For reference, this is the full output:
Error:The C compiler "C:/WinAVR-20100110/bin/avr-gcc" is not able to compile a simple test program.
It fails with the following output:
Change Dir: /cygdrive/c/Users/Daniel/.clion10/system/cmake/generated/2eb381d5/2eb381d5/__default__/CMakeFiles/CMakeTmp
Run Build Command:/usr/bin/make.exe "cmTryCompileExec420260872/fast"

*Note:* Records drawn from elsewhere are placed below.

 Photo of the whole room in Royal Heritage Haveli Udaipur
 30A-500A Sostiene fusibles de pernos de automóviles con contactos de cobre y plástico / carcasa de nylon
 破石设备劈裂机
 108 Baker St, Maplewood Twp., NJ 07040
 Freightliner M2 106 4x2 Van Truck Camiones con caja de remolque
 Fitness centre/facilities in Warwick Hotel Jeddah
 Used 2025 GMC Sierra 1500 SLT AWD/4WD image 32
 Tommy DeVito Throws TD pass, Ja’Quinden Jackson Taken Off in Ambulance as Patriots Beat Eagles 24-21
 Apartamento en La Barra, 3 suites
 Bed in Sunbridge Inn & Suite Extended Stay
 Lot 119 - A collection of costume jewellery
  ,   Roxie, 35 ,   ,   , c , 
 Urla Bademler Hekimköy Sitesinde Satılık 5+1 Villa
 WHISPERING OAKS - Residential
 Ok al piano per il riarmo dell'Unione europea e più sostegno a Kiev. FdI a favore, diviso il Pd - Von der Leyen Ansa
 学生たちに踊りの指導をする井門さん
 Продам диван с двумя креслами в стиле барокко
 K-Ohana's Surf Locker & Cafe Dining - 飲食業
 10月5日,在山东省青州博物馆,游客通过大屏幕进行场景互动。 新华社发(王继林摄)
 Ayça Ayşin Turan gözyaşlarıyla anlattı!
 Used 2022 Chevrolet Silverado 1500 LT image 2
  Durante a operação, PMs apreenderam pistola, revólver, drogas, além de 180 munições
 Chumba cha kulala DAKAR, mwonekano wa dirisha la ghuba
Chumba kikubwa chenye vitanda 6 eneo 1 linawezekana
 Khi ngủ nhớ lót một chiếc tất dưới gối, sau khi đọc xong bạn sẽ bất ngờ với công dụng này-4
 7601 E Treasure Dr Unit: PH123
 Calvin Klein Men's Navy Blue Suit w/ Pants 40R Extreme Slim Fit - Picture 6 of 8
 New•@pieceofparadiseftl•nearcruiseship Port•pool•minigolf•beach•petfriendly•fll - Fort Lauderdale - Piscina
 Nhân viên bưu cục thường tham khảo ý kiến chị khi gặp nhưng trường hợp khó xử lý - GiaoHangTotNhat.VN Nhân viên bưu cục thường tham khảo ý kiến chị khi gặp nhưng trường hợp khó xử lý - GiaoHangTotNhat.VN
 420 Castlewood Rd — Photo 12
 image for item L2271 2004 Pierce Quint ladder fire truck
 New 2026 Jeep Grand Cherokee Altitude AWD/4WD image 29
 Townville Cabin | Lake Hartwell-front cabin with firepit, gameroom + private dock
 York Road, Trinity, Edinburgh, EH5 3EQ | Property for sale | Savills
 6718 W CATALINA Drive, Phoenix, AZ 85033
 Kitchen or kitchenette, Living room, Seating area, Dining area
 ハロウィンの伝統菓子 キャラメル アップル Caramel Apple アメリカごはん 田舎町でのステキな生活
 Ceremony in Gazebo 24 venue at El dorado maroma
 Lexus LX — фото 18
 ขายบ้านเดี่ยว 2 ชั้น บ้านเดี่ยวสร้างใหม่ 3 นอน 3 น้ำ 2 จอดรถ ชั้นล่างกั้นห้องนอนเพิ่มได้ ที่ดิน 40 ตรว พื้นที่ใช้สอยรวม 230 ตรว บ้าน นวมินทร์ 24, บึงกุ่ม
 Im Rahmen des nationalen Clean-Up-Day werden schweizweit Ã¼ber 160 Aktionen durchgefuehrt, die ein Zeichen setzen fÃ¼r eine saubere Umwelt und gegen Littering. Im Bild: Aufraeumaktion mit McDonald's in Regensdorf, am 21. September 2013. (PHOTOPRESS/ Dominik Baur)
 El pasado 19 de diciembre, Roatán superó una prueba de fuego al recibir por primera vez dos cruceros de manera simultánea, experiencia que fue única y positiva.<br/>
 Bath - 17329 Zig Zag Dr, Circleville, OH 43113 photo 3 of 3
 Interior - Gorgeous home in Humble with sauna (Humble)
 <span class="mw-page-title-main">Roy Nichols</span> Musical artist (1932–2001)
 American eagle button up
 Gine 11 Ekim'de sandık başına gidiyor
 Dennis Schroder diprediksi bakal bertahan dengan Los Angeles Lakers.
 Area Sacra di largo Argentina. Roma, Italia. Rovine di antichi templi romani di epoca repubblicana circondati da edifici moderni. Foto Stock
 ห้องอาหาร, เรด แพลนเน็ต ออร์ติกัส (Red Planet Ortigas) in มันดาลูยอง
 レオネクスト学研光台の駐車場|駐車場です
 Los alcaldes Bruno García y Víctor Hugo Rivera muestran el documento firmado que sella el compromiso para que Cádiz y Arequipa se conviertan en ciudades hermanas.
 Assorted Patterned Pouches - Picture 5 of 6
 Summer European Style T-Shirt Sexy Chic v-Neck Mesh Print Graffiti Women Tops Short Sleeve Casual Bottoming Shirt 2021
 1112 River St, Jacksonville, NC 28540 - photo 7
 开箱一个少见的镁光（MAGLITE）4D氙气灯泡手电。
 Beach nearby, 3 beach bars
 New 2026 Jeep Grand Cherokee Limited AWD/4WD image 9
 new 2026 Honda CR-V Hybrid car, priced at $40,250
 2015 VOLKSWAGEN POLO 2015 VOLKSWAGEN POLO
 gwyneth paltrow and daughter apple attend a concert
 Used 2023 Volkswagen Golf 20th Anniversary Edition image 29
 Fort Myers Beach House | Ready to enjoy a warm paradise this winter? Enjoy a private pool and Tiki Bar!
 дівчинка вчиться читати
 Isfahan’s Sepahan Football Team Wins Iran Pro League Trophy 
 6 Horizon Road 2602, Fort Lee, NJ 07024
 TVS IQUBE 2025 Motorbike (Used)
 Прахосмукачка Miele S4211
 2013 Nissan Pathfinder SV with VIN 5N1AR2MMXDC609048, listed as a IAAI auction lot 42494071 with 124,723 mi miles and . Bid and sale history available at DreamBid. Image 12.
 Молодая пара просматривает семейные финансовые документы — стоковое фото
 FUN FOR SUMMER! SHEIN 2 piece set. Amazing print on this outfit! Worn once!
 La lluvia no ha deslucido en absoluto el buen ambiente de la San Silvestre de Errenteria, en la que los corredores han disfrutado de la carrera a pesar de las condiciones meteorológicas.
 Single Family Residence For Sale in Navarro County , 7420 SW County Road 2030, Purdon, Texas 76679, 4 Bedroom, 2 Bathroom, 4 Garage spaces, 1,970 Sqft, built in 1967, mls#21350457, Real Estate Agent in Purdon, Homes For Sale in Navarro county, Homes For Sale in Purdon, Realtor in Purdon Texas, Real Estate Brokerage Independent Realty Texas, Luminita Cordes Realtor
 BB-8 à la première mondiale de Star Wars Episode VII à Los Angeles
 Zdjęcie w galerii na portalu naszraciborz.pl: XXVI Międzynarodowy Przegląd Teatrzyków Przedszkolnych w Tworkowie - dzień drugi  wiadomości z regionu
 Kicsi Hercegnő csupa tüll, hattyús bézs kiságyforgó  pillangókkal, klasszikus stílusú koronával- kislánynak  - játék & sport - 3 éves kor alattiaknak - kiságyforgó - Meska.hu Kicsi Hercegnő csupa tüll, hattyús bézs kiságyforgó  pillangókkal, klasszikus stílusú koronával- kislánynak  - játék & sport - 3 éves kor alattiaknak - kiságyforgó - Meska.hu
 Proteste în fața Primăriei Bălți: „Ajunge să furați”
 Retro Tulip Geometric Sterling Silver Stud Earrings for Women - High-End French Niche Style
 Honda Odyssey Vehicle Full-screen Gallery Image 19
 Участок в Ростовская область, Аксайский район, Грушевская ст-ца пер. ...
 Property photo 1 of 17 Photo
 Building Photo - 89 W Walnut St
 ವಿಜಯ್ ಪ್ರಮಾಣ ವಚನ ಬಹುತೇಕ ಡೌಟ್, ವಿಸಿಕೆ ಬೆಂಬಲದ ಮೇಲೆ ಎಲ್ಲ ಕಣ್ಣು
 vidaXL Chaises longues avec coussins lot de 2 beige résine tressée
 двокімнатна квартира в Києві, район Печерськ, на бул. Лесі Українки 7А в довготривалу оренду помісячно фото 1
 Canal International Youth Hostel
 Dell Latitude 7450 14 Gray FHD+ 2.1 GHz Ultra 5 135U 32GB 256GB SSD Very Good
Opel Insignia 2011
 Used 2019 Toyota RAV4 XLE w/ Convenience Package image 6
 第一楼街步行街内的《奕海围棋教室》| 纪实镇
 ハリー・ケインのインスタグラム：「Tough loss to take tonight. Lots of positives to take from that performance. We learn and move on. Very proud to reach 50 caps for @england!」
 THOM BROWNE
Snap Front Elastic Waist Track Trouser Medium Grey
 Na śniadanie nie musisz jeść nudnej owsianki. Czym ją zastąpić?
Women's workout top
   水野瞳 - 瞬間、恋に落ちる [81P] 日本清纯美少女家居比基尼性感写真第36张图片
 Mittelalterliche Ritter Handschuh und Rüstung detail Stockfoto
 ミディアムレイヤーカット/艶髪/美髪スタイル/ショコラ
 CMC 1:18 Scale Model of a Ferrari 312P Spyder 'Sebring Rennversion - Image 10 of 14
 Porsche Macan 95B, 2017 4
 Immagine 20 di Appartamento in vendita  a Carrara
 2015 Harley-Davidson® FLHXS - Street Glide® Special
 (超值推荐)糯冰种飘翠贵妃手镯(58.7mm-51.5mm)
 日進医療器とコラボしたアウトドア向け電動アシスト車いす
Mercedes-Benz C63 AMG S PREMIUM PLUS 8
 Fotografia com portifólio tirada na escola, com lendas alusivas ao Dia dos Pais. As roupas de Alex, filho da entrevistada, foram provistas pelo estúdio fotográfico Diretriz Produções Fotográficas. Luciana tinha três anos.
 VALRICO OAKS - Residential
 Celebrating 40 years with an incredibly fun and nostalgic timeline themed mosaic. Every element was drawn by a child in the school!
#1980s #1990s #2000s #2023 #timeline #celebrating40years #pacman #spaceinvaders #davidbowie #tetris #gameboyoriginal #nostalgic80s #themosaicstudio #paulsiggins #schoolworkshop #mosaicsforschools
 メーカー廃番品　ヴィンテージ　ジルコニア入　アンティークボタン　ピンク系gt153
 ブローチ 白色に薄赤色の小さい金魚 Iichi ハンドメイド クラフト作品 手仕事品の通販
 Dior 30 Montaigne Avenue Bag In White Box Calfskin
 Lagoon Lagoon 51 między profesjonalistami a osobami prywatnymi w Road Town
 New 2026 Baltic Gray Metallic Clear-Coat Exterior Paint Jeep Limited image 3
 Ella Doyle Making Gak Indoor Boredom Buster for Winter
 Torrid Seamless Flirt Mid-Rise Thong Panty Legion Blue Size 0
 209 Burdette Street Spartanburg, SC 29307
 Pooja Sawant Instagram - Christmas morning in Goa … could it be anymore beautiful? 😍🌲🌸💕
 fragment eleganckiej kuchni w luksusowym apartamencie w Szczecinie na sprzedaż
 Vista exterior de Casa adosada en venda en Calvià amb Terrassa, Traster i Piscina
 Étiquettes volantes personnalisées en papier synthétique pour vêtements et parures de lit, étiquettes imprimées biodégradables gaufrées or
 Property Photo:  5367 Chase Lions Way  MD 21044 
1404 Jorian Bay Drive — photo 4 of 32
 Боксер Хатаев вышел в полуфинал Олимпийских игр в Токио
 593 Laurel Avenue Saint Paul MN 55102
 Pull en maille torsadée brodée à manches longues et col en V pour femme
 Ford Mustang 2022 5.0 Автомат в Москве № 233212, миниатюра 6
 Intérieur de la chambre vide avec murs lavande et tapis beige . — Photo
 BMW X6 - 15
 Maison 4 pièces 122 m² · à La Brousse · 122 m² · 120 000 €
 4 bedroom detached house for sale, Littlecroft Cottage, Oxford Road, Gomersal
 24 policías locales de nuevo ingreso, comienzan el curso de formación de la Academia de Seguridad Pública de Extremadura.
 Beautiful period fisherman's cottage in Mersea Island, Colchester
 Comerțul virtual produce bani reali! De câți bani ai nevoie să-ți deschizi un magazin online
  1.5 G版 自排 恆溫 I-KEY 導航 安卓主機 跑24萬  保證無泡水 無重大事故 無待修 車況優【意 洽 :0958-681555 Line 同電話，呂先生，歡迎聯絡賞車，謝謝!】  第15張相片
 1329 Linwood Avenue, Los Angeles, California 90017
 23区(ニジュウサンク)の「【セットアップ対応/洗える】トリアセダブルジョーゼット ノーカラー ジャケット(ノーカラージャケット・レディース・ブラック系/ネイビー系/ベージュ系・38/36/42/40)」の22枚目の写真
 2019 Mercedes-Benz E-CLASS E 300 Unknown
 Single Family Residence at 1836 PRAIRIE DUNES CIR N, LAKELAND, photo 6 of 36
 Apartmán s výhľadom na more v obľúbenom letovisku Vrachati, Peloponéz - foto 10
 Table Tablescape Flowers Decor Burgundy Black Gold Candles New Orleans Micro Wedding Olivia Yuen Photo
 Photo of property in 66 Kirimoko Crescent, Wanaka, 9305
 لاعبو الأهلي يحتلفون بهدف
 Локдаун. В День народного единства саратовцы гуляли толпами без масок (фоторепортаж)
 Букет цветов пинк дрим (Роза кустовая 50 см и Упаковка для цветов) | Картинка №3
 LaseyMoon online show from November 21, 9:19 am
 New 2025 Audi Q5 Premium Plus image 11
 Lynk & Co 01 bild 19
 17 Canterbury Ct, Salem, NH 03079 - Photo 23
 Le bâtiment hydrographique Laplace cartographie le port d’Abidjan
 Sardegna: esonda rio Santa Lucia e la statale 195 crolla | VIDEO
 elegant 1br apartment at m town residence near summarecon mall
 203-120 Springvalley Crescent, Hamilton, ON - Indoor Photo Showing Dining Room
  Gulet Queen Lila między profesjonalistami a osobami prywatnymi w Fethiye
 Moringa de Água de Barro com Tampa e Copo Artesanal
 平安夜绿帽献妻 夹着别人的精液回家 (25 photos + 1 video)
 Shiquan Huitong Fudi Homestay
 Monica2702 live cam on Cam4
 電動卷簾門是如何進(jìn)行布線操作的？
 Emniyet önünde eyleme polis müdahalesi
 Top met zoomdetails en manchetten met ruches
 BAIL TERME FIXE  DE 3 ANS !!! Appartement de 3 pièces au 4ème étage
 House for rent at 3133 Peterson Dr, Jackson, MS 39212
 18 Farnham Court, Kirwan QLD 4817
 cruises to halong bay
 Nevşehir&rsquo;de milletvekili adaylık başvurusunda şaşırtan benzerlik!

/usr/bin/make -f CMakeFiles/cmTryCompileExec420260872.dir/build.make CMakeFiles/cmTryCompileExec420260872.dir/build
make[1]: Entering directory '/cygdrive/c/Users/Daniel/.clion10/system/cmake/generated/2eb381d5/2eb381d5/__default__/CMakeFiles/CMakeTmp'
/usr/bin/cmake.exe -E cmake_progress_report /cygdrive/c/Users/Daniel/.clion10/system/cmake/generated/2eb381d5/2eb381d5/__default__/CMakeFiles/CMakeTmp/CMakeFiles 1
Building C object CMakeFiles/cmTryCompileExec420260872.dir/testCCompiler.c.obj
C:/WinAVR-20100110/bin/avr-gcc.exe -o CMakeFiles/cmTryCompileExec420260872.dir/testCCompiler.c.obj -c /cygdrive/c/Users/Daniel/.clion10/system/cmake/generated/2eb381d5/2eb381d5/__default__/CMakeFiles/CMakeTmp/testCCompiler.c
avr-gcc.exe: /cygdrive/c/Users/Daniel/.clion10/system/cmake/generated/2eb381d5/2eb381d5/__default__/CMakeFiles/CMakeTmp/testCCompiler.c: No such file or directory
avr-gcc.exe: no input files
CMakeFiles/cmTryCompileExec420260872.dir/build.make:60: recipe for target 'CMakeFiles/cmTryCompileExec420260872.dir/testCCompiler.c.obj' failed
make[1]: Leaving directory '/cygdrive/c/Users/Daniel/.clion10/system/cmake/generated/2eb381d5/2eb381d5/__default__/CMakeFiles/CMakeTmp'
make[1]: *** [CMakeFiles/cmTryCompileExec420260872.dir/testCCompiler.c.obj] Error 1
Makefile:117: recipe for target 'cmTryCompileExec420260872/fast' failed
make: *** [cmTryCompileExec420260872/fast] Error 2
CMake will not be able to correctly generate this project.
I use cmake and avr on windows and on linux.
The syntax is the same. Why do you want to use cygwin in the mid of that?
In any case you didn't show your toolchain file.
When cross compiling using cmake you need to provide a toolchain file where you set all the configuration related to the compiler.
You need to do this because when cmake starts it try to compile a simple program and it try to run it. If you are using an avr compiler on a computer cmake can't run the executable, so it fails.
You need to put an extra care including this command in the toolchain:
SET(CMAKE_SYSTEM_NAME Generic)
it is needed for skip this compilation and so to avoid the failure.